Nagless

Monitoring software often suffers from the "Wolf! Wolf! Wolf! Wolf! Wolf! Wolf! Wolf! Wolf! Wolf! Wolf! Wolf! Wolf! Wolf! Wolf! Wolf! Wolf! Wolf! Wolf! Wolf! Wolf! Wolf! Wolf! Wolf! Wolf! Wolf! Wolf! Wolf! Wolf! Wolf! Wolf! Wolf! Wolf! Wolf! Wolf! Wolf! Wolf! Wolf! Wolf! Wolf! Wolf! Wolf! Wolf!" (W) problem, wherein issues are raised repeatedly to the point that some folks ignore the alerts. Other folks complicate the monitoring by putting a layer between the "things that generate alerts" (monitoring software) and "targets of those alerts" (the poor sods who are on-call); this new layer only allows some alerts through based on various rules, which can range from a simple "do not send another alert if the prior alert was within the last 30 minutes" to highly complicated schemes where there is a hierarchy, whereby if, say, DNS is down all the things that depend on DNS will have their alerts suppressed. Larger sites are probably the only ones that need the complexity of a hierarchical alarm suppression system, or escalation should the on-call(s) not respond in a suitable amount of time, etc. Still other folks are okay with W, but I really do not get their thinking, especially given that all of the rest of the team ended up ignoring all of the alerts.
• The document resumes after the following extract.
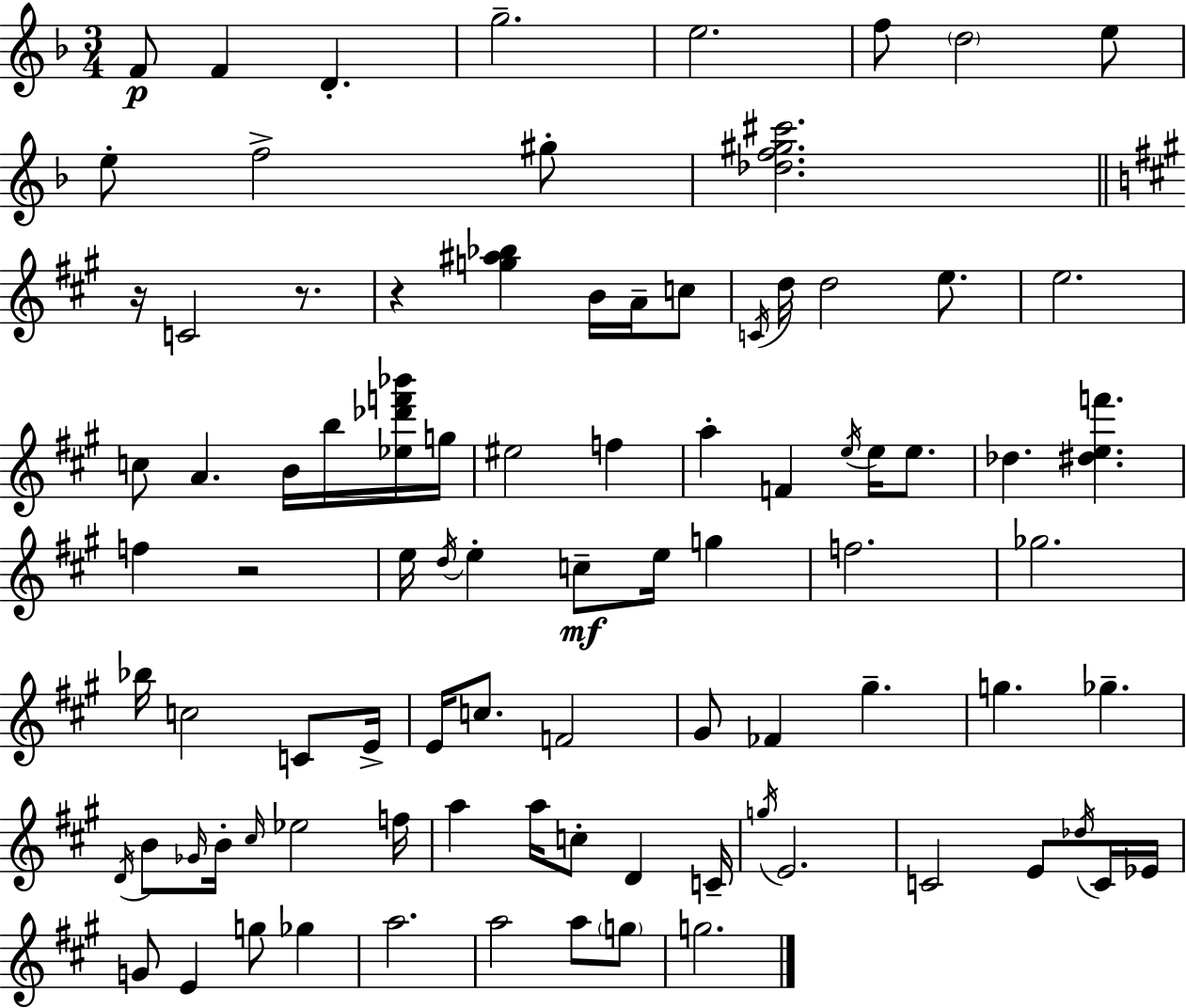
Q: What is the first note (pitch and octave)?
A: F4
Too much noise.

Alerts tend to go out via email, or did back in the day, or still do for folks who have email infrastructure, so a good place to put a declutter layer is on a mail server. Some account will accept all the monitoring alerts and determine whether to forward the alerts, or not, based on whatever logic is deemed necessary to balance the need for timely notification of important events versus not drowning the on-call in noise. Very important alerts may also be sent to everyone via a pager system in addition to email. The declutter layer could also redirect alerts to, say, an IRC channel, or might have logic that varies where the alerts go depending on whether someone is near a computer, or not. Too much logic of course is bloat and may well come with errors that require time to debug and fix, or may cause too many alerts to be missed. "…and that amount of Wu Wei is just right," said Goldilocks.

OpenSMTP

The mail server is a good place to route messages to a program, though this could also be done via a .forward file, or a program could process messages via IMAP depending on the level of access to the system. Mail from spammers and other such malicious sources should ideally not be able to reach the nagless address, as besides the time wasted in cleaning up their little messes there is also the risk of a security vulnerability, or, less likely, the ability of a remote attacker to somehow mask system alerts. An inside attacker would be more likely to break an alert system, as they likely have access to relevant code, documentation, or systems involved. Some duplication of monitoring may be necessary in larger sites, as those duplicate checks may notice something that has been suppressed by an insider in another system?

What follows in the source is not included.